[Task description]
Would you print the lines below exactly, beginning at the line that has "Toyota PROACE CITY CARGO" and stopping after the line that has "James Comer tweet media"? Only those lines, and no pictures.

[Data records]
'''
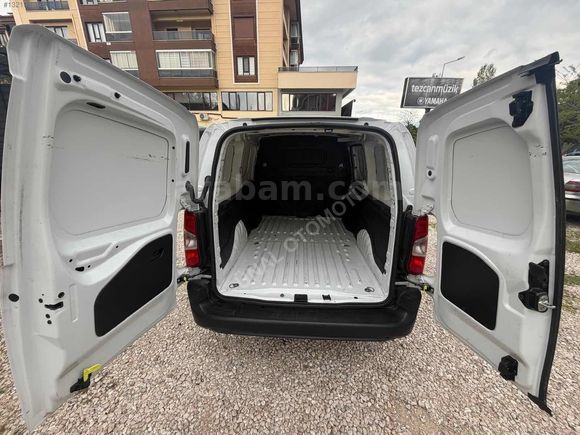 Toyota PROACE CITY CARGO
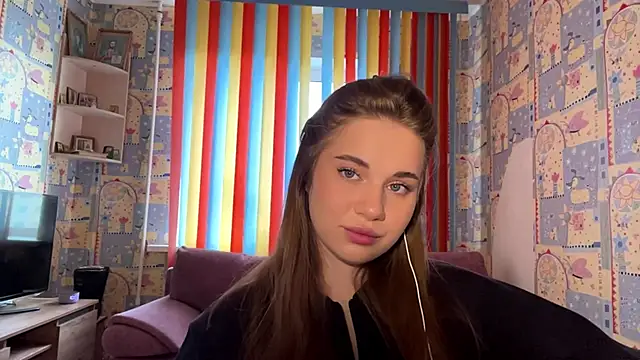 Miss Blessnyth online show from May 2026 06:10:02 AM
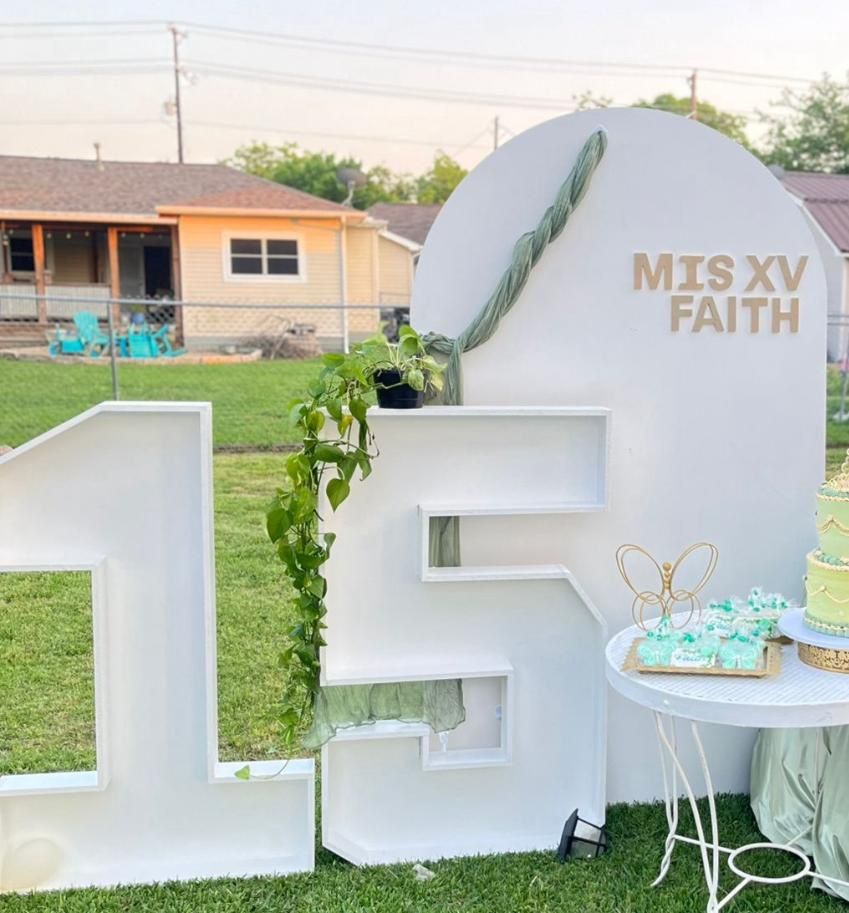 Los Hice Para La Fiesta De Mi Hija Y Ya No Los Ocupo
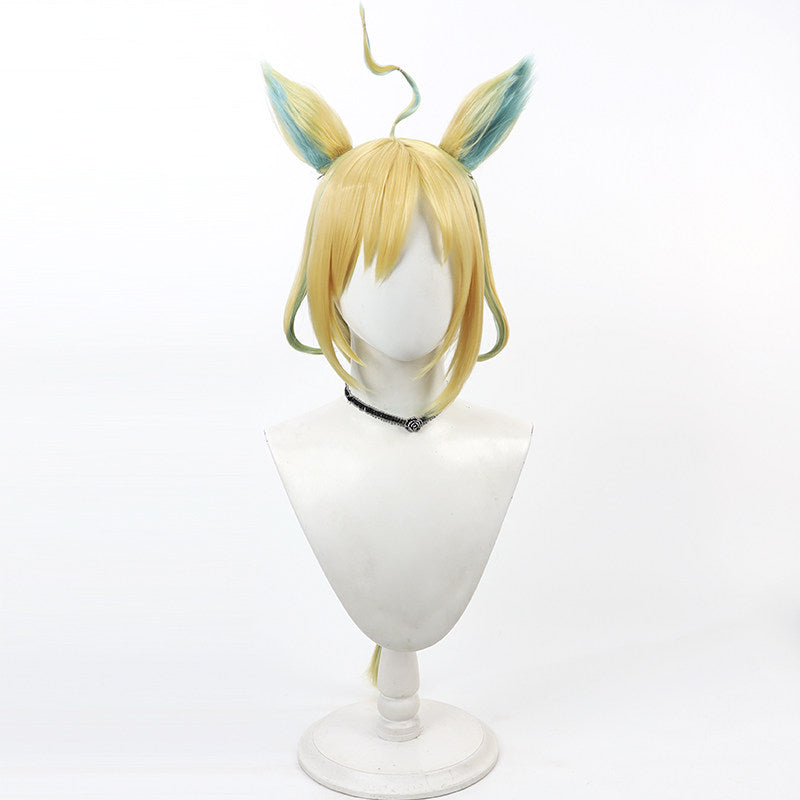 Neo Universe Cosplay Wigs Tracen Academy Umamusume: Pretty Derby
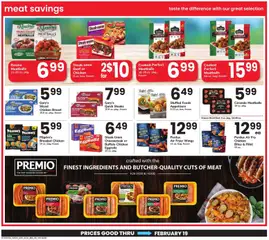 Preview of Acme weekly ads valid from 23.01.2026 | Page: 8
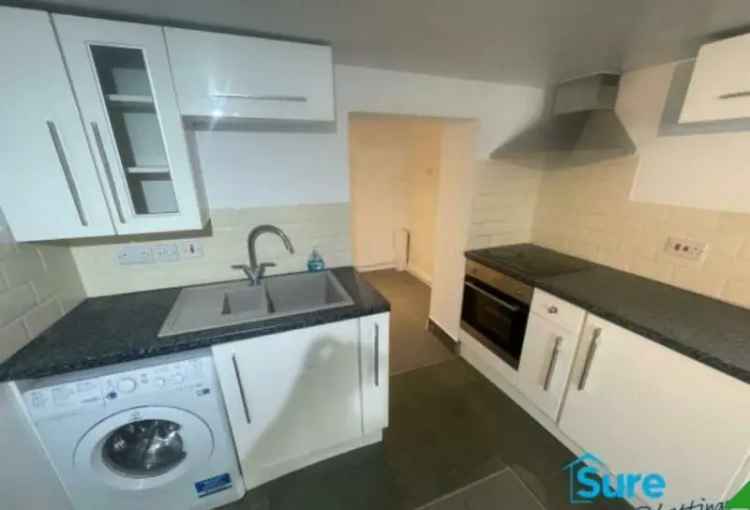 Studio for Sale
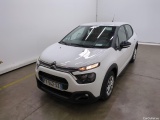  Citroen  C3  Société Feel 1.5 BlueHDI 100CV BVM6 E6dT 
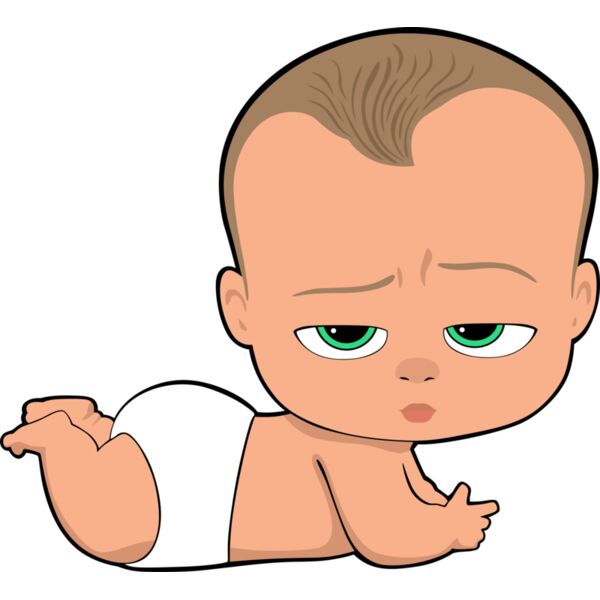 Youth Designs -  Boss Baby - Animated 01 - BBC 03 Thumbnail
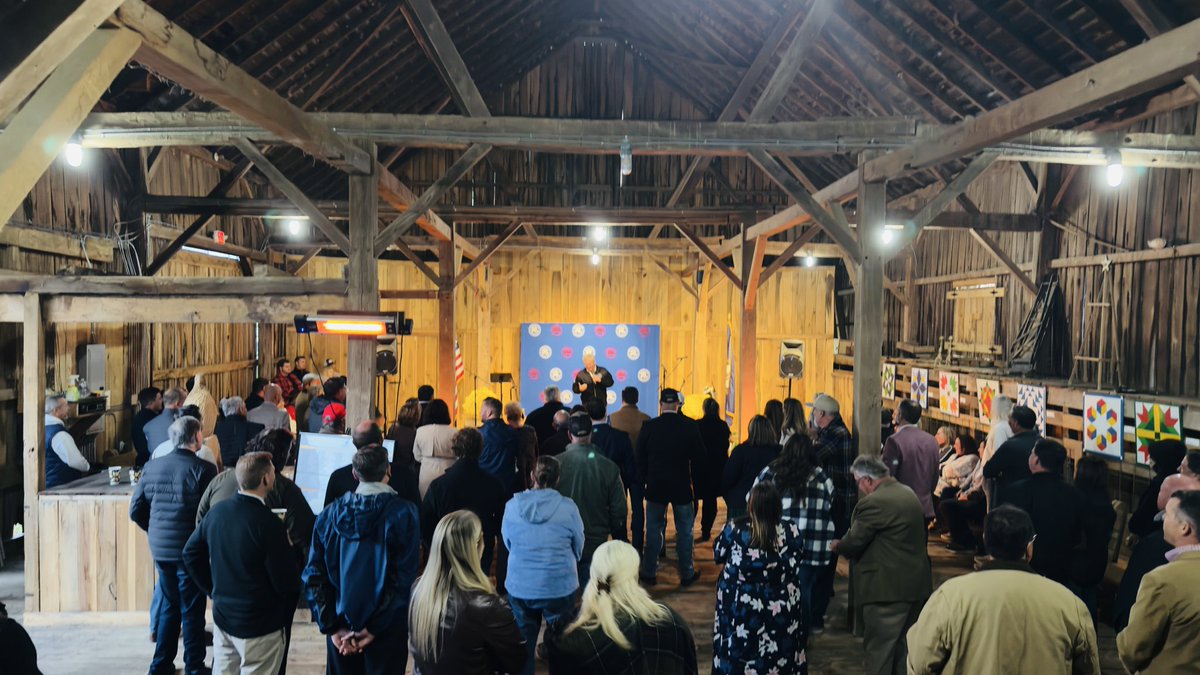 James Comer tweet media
'''
'''
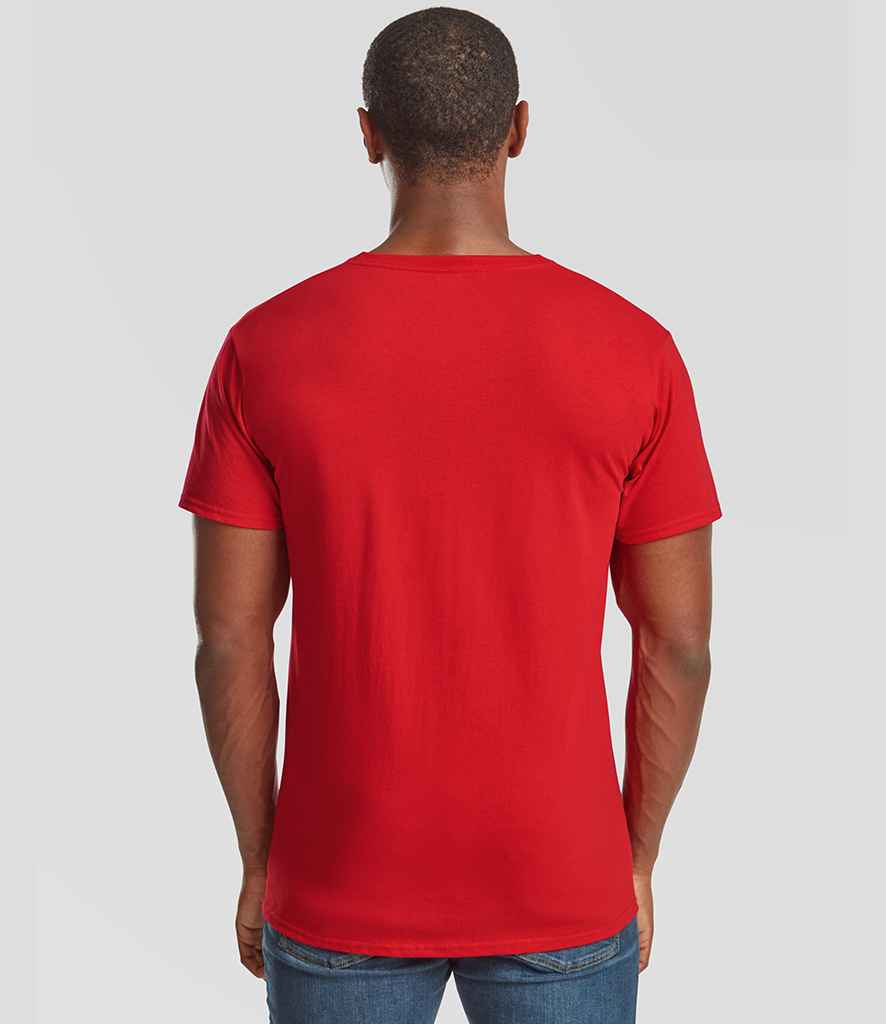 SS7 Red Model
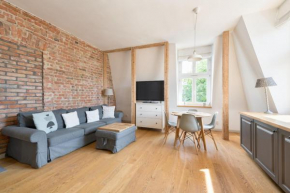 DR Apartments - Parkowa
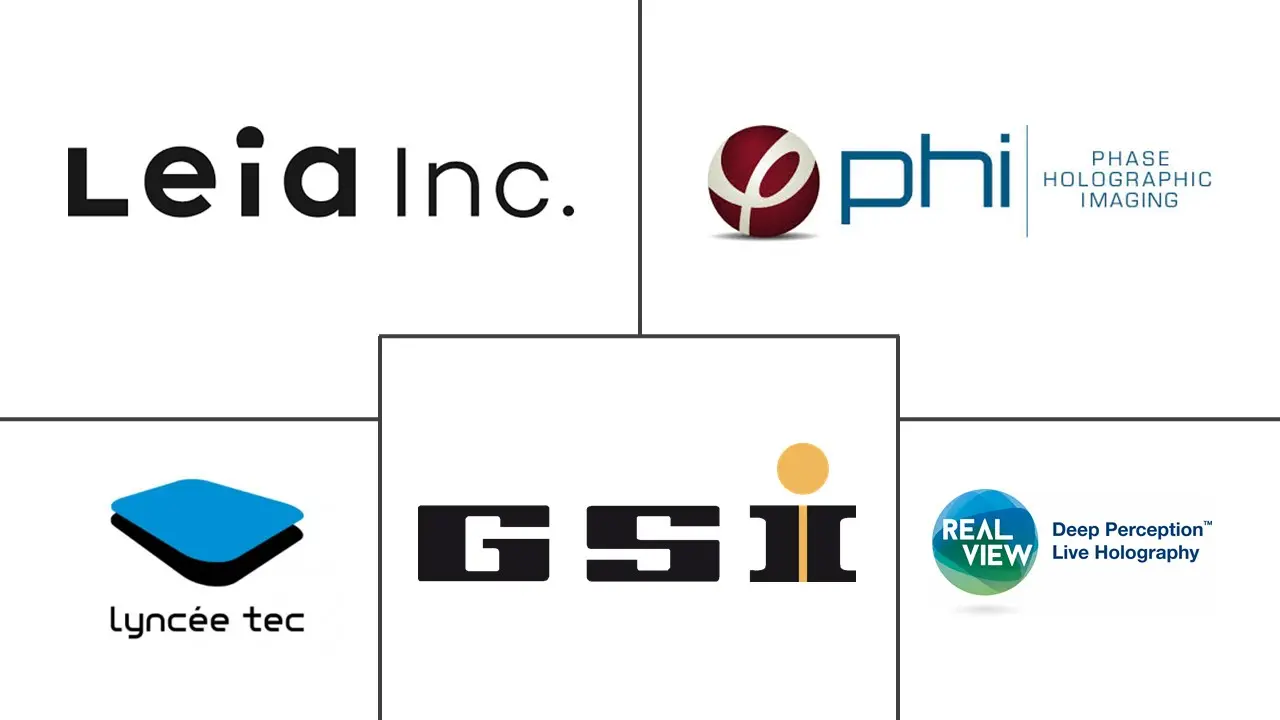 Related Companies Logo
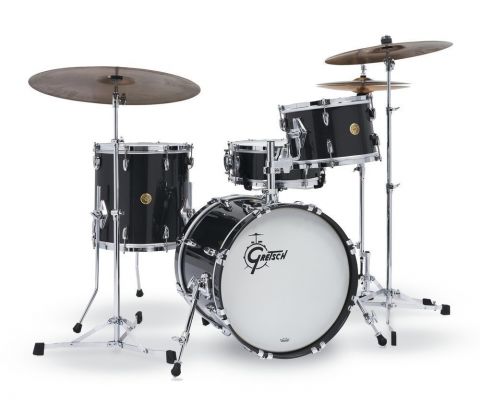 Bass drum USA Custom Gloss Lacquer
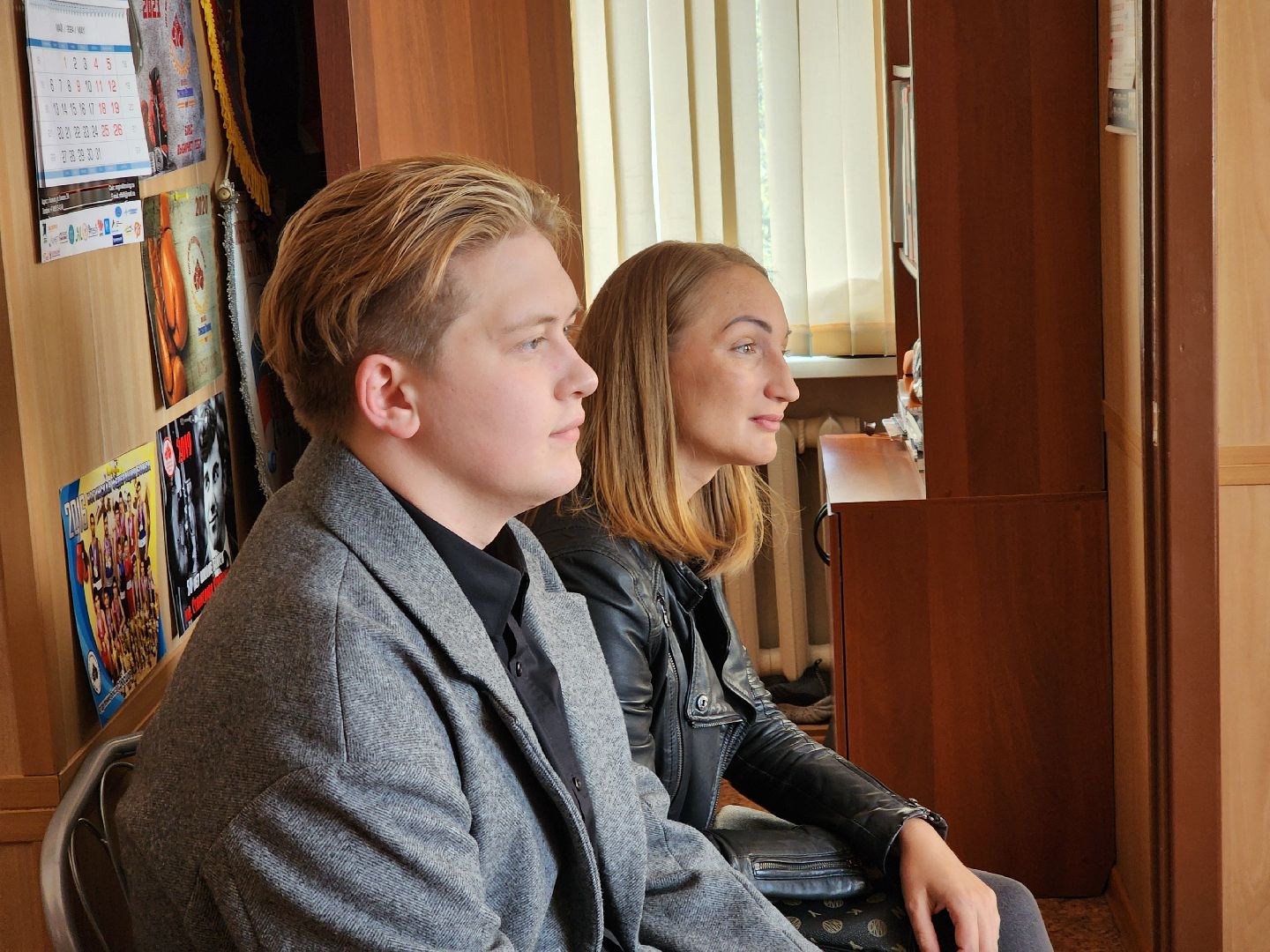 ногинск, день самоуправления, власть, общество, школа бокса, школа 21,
'''
[Reply to the exercise]
 Toyota PROACE CITY CARGO
 Miss Blessnyth online show from May 2026 06:10:02 AM
 Los Hice Para La Fiesta De Mi Hija Y Ya No Los Ocupo
 Neo Universe Cosplay Wigs Tracen Academy Umamusume: Pretty Derby
 Preview of Acme weekly ads valid from 23.01.2026 | Page: 8
 Studio for Sale
  Citroen  C3  Société Feel 1.5 BlueHDI 100CV BVM6 E6dT 
 Youth Designs -  Boss Baby - Animated 01 - BBC 03 Thumbnail
 James Comer tweet media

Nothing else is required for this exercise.